Asylum seeker accommodation barge arrives as UK passes controversial migration bill which seeks to deport people to "safe" countries such as Rwanda.
An accommodation barge has arrived in the English town of Portland, in Dorset, where it will house 500 asylum seekers.
The Bibby Stockholm arrived a month later than planned, and just a few hours after Britain's parliament passed a controversial migration bill which the United Nations has described as contrary to international law.
Under the new law, anyone reaching the country illegally by boat will be refused the right to apply for asylum in the United Kingdom.

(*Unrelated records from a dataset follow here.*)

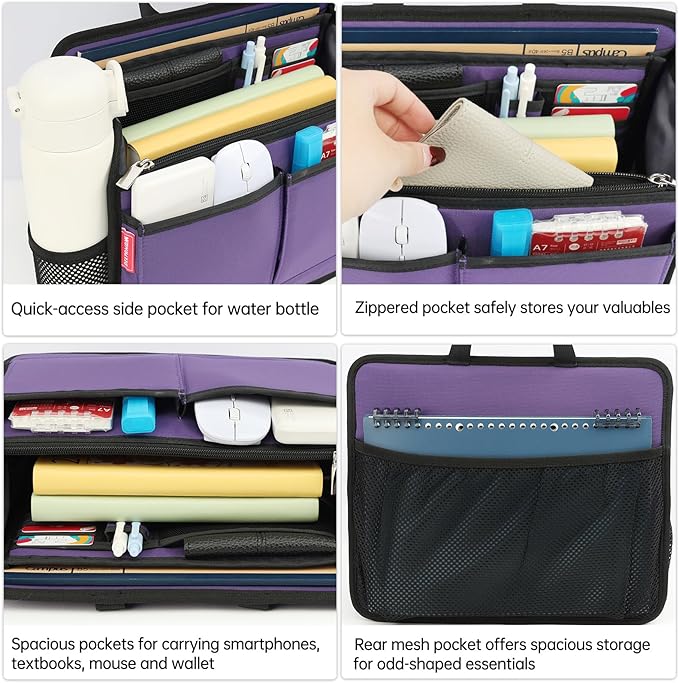 Small Rugged Organizer Insert for Briefcase Tote Shoulder Messenger Bag-19 Pockets,Durable Padded Nylon,Handle-Purple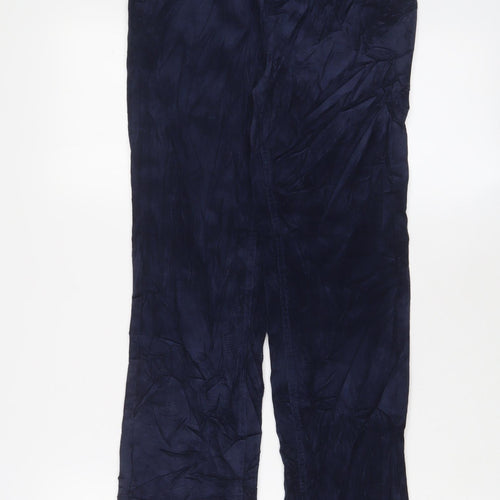 Marks and Spencer Womens Blue Cotton Trousers Size 8 L29 in Extra-Slim Zip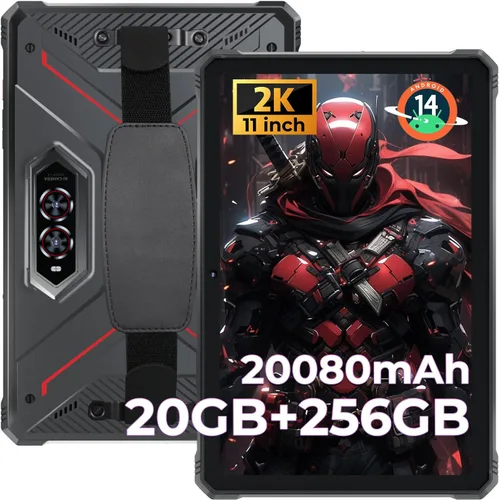 Miniatura 8 de HOTWAV R9 Pro 2025 Tablet Resistente 2K de 11 Pulgadas Android 14, Tablet Impermeable de 20080mAh 20GB+256GB/2TB TF Tablets para Exteriores Negro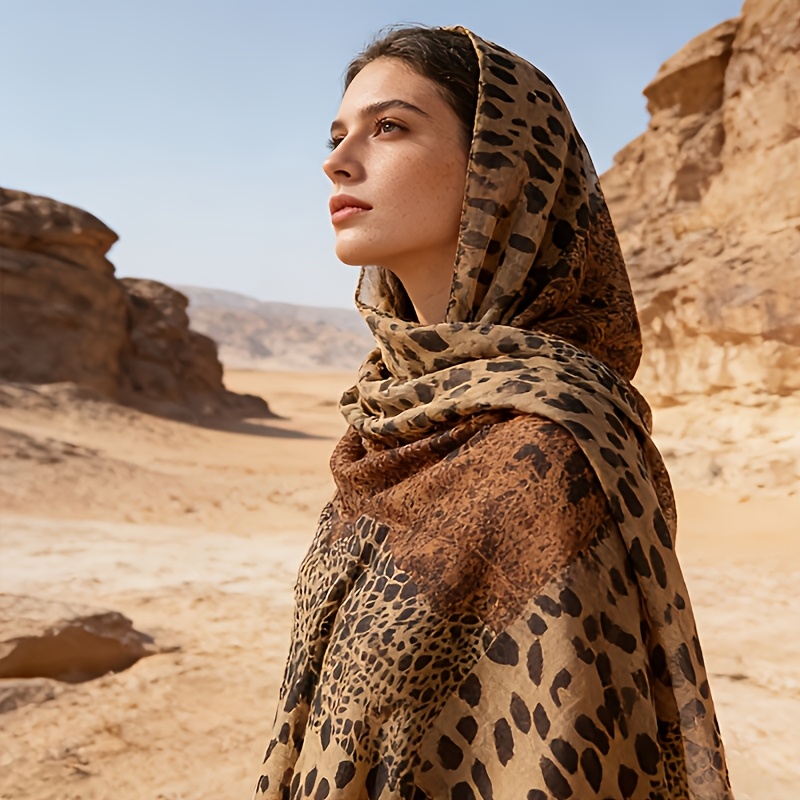 Écharpe en soie de mûrier à imprimé léopard de luxe, légère, accessoire de mode printemps-été, polyvalente et élégante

It also includes measures to transfer all irregular arrivals to "safe" third countries such as Rwanda, although the Rwanda plan has so far been blocked by the Court of Appeal.
The first asylum seekers are expected to board the Bibby Stockholm later this month.
Both the boat and the bill are part of Prime Minister Rishi Sunak's strategy to prevent migrants from reaching the UK in small boats across the English Channel.
In 2022, more than 45,000 people did so and several lost their lives in the attempt.
The legislation has already been passed by Parliament and now only needs the approval of King Charles III for it to become law.
Borris Johnson's Rwanda plan
The Rwanda plan, announced by then-prime minister Boris Johnson last year, was blocked at the last minute by the European Court of Human Rights - which is separate from the European Union - and is still mired in legal challenges.
The UK government last month said it would appeal a judgement by three Court of Appeal judges who ruled that Rwanda could not be considered a safe third country.
The ruling followed a challenge to the policy brought by 10 migrants and a charity supporting asylum seekers.
Sunak said he respected the court but "fundamentally" disagreed with the judges' conclusions.
To date, no deportation flights to Rwanda have taken place.
Rights groups accuse Rwanda - ruled with an iron fist by President Paul Kagame since the end of the 1994 genocide that killed around 800,000 people - of cracking down on free speech and political opposition.